Napoleon and Abortion

Every once in a while I get a call asking about my views on abortion. With so much being debated it's hard to take a side. However, I would like to relate the following story that happened to me.

In my last year of post-graduate rabbinical studies, I became a close personal student of the old venerable rabbi, Rabbi Zalman Shimon of Lubavitch. He was a Russian rabbi who lived through the Stalin persecutions of Jews and spent his last years teaching many student rabbis in Brooklyn, New York. I considered myself a fortunate student to have had him as my mentor.

It was twenty-three years ago that I sat in the rabbi's study when I was suddenly asked: "What will you do when a woman comes to you with the following request?  "I want an abortion! I am not ready to start my family! I am too young to be tied down to a child!" What would you tell her?"

I sat in my chair, completely dumbfounded. I was a young ordained rabbi, newly married, busily preparing for a test in Jewish law. I wanted to become a Dayan - Jewish judge, and now I was being tested about my understanding of life and law. This wasn't a question I had expected to be asked.

I squirmed in my chair and did not know what to answer my teacher. The seconds felt like minutes and minutes felt like hours. What would I tell a woman if faced with such a predicament? I thought, perhaps it depends on how she became pregnant, why she became pregnant, and how far into the pregnancy she was. I had a very vague idea of when a life begins and  a lesser idea of how one can terminate a pregnancy. 

My rabbi smiled and said, "Enough of your thinking. Let me tell you a story. When the great French leader Napoleon was sentenced and banished to Devil's Island, he did not protest. On the way to the island, an officer asked him, "Are you the great Napoleon, who fought great battles and was even able to take the Russian capital and conquer many countries? How is it that you have lost your pride? You should commit suicide and die with your honor, rather than be reduced to a prisoner!"

"Napoleon answered the officer the following: "I have never done anything that I could not regret and change. If I commit suicide, I would not be able to regret or change my act."  With that, my rabbi ended the lesson and left me to my thoughts.

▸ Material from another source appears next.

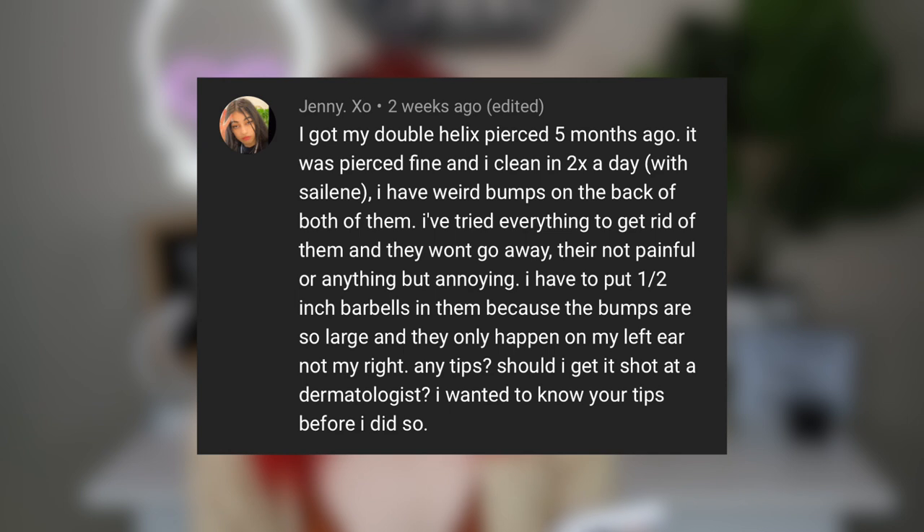Jenny asks: I got my double helix pierced five months ago, it was pierced fine and I clean it twice a day, but I have weird bumps on the back of both piercings. I've tried everything and they won't go away. They're not painful but annoying — I have to put half-inch barbells in because the bumps are so large, and it only happens on my left ear. Any tips — should I get a shot at the dermatologist? First, determine what kind of bumps they are, because there are many different kinds. Go to your piercer first — they're the professional. It could be the jewelry, you could be allergic to it, or you could be over-cleaning and irritating it. Let your piercer direct you before seeking a dermatologist.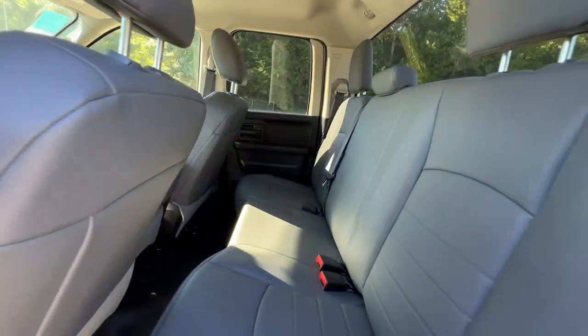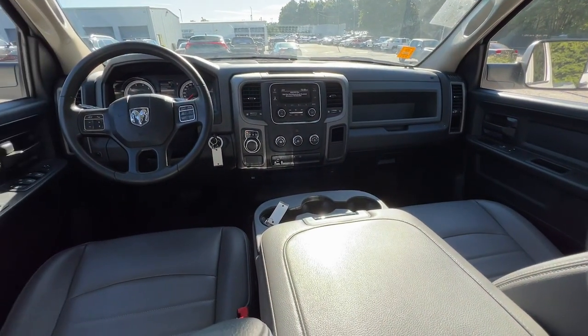Don't do the job unless you can do it right. Drive the truck that has the capability you need — the Ram 1500.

Thirteen years ago, I received a call from a distraught woman I had never met. "Rabbi, I have a problem. I have a small income, my husband finally got a job and now I am pregnant. What am I to do? Can I have an abortion?

"What bothered me most," she said, "was remembering what  I was taught by my religious Sunday school teacher; that having an abortion is murder, that G‑d would be very angry at me. And I really don't want G‑d to be angry at me." I called my own rabbi and told him my problem. The rabbi told me that he doesn't believe G‑d would be angry at me. After all, He gave me my body to do with as I wish. "What kind of G‑d do you think you would have if he would get angry at you for having an abortion!? I don't believe in angry G‑ds," said the rabbi.

The woman felt that what she heard from the liberal rabbi made sense, but in her heart she felt it was wrong. So in desperation she called me. I realized that she was a sensible and a healthy woman, but going through hard times.

Now I remembered the words of my teacher.  "What would you tell a woman who wanted an abortion?" I knew that this woman wanted and  needed a caring person who offered more then than just the cold law, more then an easy way out based on a  philosophy of a "G‑d who won't be angry." She wanted to be told something that would make her mind and her heart feel at peace.

So, I told her about Napoleon: what a great man he was and how he once made a great decision. I likened her to a great woman battling with her feelings and emotions. The choice of life and death were in her hands. She, too, could make that decision. The woman listened and thanked me. I always wondered if she did have that abortion or not.

Recently I was in my office at school. A woman came by and asked my secretary if she could come in for a short visit. She explained that she wanted to see the rabbi and speak to him for a moment. I admitted the woman to my office and the following took place:

"I am here to ask you to bless my son who has just turned thirteen years old. He had his bar-mitzvah this month. I feel that you should see him," said the woman. I wondered why was this so important to her that I bless the boy-especially since I really did not know who the boy was. Reluctantly, I made the time to see the boy and took the opportunity to bless him. I said a prayer with him and had him put on Tefillin, a religious ritual item worn by a thirteen-year-old Jewish boy.  I had  a strange feeling about him but felt good that he had stopped by.

The boy thanked me and left with his mother — who left behind a short note: "Thank you, Rabbi, Napoleon was truly a wise man."